The value we computed for H(om1) should be consistent. We can check that H(om1) lies on this plot.

figure(1)
plot(om, abs(H), om1, abs(Hom1), 'ro')
xlabel('Frequency (\omega) in radians/sample')

Plot using frequency in units of cycles/sample

figure(1)
plot(om/(2*pi), abs(H), om1/(2*pi), abs(Hom1), 'ro')
xlabel('Freqency (f) in cycles/sample')
title('Frequency response |H(f)|')

Pole/zero plot

figure(1)
zplane(b, a)
title('Pole-zero diagram')

Two frequencies

Create a signal consisting of two cosines and compute the output of the system.

om2 = 0.6*pi;

x = cos(om1 * n) + 0.5 * cos(om2 * n);

y = filter(b, a, x);     % output of filter

figure(1)
subplot(2, 1, 1)
plot(n, x)
title('Input signal')

subplot(2, 1, 2)
plot(n, y)
title('Output signal')

Evaluate H(om2)

H(om1) is found already above. Now find H(om2)

z2 = exp(1j * om2);
Hom2 = (0.2*z2 + 0.3)/(z2 - 0.8);   % Value of frequency response at om2

Compare H(om1) and H(om2)

abs(Hom1)
% Note: |H(om1)| > 1 so the first cosine is _amplified_ by the system.

ans =

    1.5391

abs(Hom2)
% Note: |H(om2)| < 1 so the second cosine is _attenuated_ by the system.

ans =

    0.2086

Predict the output using the frequency response formula

p = abs(Hom1) * cos(om1 * n + angle(Hom1)) + 0.5 * abs(Hom2) * cos(om2 * n + angle(Hom2));

figure(1)
clf
subplot(2,1,1)
plot(n, p, n, y, '--')
legend('True output', 'Predicted output')

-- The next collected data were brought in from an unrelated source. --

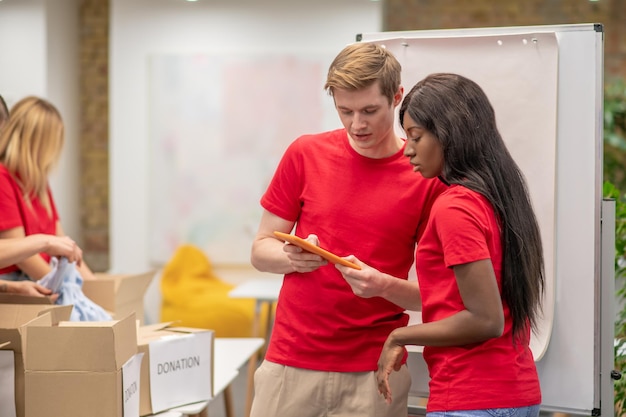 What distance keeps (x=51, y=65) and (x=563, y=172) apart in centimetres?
451

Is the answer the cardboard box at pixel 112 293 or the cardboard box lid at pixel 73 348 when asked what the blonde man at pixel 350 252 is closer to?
the cardboard box lid at pixel 73 348

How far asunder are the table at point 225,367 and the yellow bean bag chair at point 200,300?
1.83 meters

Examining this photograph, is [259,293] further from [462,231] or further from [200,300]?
[462,231]

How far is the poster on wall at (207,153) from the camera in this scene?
5.89 meters

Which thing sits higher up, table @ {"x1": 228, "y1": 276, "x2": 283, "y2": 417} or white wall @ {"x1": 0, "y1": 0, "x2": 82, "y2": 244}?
white wall @ {"x1": 0, "y1": 0, "x2": 82, "y2": 244}

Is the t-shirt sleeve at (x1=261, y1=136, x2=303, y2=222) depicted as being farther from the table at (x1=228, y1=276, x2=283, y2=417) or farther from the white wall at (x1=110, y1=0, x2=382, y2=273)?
the white wall at (x1=110, y1=0, x2=382, y2=273)

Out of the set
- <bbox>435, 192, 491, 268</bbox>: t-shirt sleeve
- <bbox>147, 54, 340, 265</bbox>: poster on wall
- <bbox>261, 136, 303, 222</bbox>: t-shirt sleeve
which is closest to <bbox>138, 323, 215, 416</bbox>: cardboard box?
<bbox>261, 136, 303, 222</bbox>: t-shirt sleeve

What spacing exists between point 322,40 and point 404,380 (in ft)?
13.7

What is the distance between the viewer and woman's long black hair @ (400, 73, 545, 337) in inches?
61.3

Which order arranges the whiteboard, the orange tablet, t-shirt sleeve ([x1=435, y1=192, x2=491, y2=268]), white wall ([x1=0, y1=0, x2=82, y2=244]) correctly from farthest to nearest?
white wall ([x1=0, y1=0, x2=82, y2=244]) < the whiteboard < the orange tablet < t-shirt sleeve ([x1=435, y1=192, x2=491, y2=268])

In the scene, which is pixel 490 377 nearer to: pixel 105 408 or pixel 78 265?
pixel 105 408

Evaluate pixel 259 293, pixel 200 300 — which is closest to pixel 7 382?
pixel 259 293

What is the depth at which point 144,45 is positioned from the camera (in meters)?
5.90

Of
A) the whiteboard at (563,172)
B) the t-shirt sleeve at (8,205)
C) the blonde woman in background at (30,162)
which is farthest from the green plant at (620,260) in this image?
the t-shirt sleeve at (8,205) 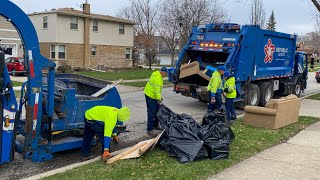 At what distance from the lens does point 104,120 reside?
610cm

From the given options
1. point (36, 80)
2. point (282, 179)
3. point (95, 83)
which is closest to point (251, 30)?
point (95, 83)

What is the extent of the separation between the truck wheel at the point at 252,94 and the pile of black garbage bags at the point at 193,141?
243 inches

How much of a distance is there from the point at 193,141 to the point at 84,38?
Result: 93.9 feet

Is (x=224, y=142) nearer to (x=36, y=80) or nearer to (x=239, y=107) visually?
(x=36, y=80)

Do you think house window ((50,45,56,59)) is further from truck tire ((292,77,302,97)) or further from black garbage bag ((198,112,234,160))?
black garbage bag ((198,112,234,160))

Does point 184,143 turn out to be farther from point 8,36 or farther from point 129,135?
point 8,36

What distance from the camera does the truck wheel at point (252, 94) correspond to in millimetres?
12992

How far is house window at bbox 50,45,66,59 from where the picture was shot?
31672 millimetres

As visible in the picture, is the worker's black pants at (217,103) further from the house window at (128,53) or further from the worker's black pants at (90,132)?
the house window at (128,53)

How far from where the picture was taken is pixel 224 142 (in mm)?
6676

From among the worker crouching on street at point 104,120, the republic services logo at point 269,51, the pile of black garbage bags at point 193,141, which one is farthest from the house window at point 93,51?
the worker crouching on street at point 104,120

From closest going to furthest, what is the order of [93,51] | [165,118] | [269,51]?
1. [165,118]
2. [269,51]
3. [93,51]

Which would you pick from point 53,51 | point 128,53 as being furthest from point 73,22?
point 128,53

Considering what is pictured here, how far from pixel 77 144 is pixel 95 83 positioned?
1.55 m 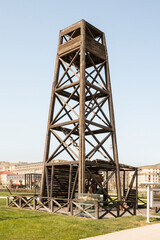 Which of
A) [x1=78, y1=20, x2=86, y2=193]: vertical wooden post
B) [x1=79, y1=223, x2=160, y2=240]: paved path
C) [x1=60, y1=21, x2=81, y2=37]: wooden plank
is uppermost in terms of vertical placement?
[x1=60, y1=21, x2=81, y2=37]: wooden plank

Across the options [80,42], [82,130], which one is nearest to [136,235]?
[82,130]

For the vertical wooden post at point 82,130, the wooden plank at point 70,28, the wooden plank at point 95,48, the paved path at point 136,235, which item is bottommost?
the paved path at point 136,235

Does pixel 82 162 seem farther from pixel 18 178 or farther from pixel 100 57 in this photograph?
pixel 18 178

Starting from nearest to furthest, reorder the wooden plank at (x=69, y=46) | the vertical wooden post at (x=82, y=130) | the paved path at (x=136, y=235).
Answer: the paved path at (x=136, y=235)
the vertical wooden post at (x=82, y=130)
the wooden plank at (x=69, y=46)

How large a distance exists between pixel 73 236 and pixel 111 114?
14.1 meters

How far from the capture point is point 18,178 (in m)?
159

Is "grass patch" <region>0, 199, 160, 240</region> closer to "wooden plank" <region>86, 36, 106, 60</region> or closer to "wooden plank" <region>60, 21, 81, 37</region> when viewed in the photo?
"wooden plank" <region>86, 36, 106, 60</region>

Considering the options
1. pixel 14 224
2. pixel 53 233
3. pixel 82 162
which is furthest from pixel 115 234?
pixel 82 162

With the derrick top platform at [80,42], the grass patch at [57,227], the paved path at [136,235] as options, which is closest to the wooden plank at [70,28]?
the derrick top platform at [80,42]

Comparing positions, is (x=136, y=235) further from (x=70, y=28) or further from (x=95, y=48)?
(x=70, y=28)

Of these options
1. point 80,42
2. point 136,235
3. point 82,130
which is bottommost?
point 136,235

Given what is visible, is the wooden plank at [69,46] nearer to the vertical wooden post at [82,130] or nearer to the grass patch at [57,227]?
the vertical wooden post at [82,130]

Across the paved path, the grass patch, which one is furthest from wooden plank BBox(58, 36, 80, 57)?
the paved path

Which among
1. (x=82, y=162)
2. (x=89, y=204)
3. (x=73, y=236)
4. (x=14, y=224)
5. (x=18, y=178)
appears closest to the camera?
(x=73, y=236) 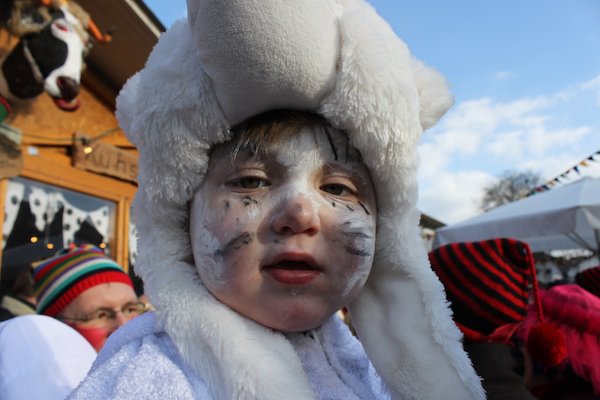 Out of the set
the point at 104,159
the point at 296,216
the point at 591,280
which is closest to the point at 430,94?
the point at 296,216

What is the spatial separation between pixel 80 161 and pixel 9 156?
2.72ft

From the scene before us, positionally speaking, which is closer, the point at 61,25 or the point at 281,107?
the point at 281,107

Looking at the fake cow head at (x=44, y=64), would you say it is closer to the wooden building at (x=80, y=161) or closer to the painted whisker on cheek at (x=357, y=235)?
the wooden building at (x=80, y=161)

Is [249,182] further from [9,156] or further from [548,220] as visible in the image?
[548,220]

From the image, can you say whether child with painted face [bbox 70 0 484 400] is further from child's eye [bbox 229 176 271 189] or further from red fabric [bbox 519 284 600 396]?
red fabric [bbox 519 284 600 396]

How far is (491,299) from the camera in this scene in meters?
1.78

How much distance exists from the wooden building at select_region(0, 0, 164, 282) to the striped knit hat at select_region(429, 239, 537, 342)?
3505 millimetres

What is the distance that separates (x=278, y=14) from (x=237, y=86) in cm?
16

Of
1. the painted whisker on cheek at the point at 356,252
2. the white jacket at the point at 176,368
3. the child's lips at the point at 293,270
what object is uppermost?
the painted whisker on cheek at the point at 356,252

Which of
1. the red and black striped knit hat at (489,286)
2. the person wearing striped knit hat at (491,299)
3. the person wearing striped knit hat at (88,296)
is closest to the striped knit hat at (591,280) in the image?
the red and black striped knit hat at (489,286)

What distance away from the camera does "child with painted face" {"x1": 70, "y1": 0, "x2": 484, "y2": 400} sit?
910 millimetres

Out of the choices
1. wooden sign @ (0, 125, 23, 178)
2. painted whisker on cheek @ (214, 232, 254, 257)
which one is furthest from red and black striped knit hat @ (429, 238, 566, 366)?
wooden sign @ (0, 125, 23, 178)

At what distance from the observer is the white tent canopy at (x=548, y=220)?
412cm

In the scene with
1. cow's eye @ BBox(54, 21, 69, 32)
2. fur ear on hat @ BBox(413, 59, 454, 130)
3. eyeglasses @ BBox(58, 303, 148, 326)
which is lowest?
eyeglasses @ BBox(58, 303, 148, 326) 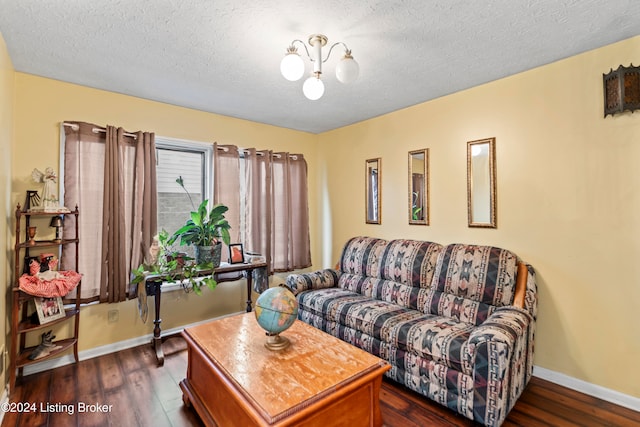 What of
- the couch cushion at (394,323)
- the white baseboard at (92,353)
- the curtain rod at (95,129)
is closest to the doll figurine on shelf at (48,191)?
the curtain rod at (95,129)

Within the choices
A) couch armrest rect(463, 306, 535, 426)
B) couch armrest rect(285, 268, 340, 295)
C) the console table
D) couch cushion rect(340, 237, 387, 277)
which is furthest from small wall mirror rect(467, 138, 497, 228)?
the console table

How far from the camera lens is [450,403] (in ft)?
6.48

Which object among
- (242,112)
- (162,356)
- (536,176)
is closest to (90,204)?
(162,356)

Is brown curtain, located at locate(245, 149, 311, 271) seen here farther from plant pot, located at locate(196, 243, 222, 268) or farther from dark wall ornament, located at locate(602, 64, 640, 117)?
dark wall ornament, located at locate(602, 64, 640, 117)

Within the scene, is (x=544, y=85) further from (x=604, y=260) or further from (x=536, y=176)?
(x=604, y=260)

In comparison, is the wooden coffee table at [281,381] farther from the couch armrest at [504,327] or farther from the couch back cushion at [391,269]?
the couch back cushion at [391,269]

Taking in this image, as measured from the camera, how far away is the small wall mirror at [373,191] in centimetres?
374

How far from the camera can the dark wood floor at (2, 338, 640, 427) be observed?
195cm

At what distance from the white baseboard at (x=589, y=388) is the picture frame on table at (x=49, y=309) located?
3986mm

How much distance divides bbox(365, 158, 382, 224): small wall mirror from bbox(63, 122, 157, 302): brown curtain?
2484 mm

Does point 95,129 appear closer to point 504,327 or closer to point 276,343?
point 276,343

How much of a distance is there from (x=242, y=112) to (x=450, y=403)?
135 inches

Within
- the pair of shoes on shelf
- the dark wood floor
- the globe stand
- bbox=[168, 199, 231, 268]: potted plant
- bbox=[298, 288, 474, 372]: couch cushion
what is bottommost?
the dark wood floor

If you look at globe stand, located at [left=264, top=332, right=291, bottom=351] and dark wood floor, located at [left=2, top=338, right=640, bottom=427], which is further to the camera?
dark wood floor, located at [left=2, top=338, right=640, bottom=427] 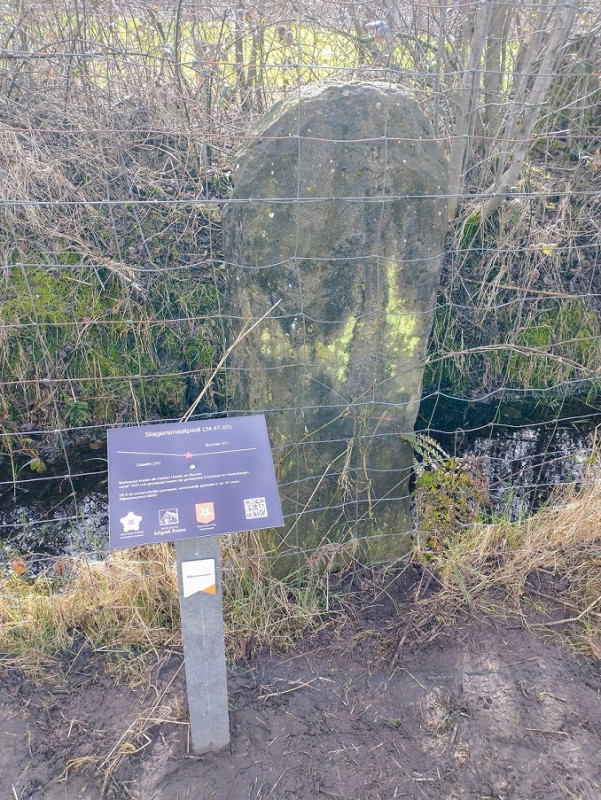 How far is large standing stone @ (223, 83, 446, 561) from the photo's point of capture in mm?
2373

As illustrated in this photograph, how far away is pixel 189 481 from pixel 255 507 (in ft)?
0.69

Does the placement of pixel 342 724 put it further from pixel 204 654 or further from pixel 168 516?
pixel 168 516

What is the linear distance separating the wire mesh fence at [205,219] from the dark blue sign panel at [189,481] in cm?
237

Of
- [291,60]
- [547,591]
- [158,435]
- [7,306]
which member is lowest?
[547,591]

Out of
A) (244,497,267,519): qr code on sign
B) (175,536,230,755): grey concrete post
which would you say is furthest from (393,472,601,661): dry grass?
(244,497,267,519): qr code on sign

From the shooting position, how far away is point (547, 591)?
282 centimetres

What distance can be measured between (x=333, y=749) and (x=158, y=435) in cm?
131

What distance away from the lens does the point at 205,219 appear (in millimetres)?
4898

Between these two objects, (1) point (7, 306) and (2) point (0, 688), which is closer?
(2) point (0, 688)

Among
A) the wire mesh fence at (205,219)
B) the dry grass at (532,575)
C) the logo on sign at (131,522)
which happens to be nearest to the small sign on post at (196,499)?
the logo on sign at (131,522)

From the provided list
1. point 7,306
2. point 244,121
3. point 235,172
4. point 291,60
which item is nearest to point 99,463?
point 7,306

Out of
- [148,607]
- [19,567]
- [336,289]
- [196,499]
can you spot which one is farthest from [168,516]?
[19,567]

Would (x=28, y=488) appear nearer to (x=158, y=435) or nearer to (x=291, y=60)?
(x=158, y=435)

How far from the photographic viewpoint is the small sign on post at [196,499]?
67.1 inches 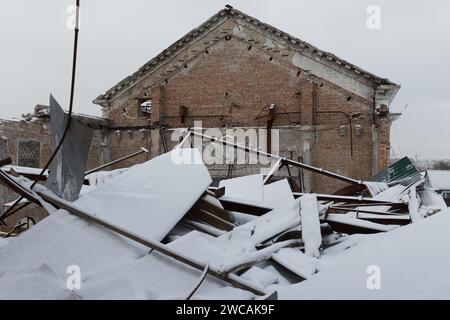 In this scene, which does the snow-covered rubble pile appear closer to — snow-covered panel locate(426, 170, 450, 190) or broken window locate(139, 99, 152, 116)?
broken window locate(139, 99, 152, 116)

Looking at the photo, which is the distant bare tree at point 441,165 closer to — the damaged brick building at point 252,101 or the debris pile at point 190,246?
the damaged brick building at point 252,101

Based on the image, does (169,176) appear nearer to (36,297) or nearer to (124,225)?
(124,225)

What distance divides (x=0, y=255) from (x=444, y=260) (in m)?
2.62

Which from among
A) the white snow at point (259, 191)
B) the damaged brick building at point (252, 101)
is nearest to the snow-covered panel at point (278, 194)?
the white snow at point (259, 191)

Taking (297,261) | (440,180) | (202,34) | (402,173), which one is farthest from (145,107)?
(297,261)

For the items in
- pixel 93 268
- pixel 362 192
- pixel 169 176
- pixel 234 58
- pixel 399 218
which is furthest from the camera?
pixel 234 58

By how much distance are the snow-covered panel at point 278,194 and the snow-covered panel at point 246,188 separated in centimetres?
9

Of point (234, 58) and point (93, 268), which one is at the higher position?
point (234, 58)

% The predicted output is valid in the steady state.

The transient?

Q: How long does it take for the system to reach steady state?

A: As long as it takes for the impulse response to diminish. Which depends on how close the pole is to the unit circle. The closer the pole is to the unit circle, the longer it takes for the impulse response to decay to zero.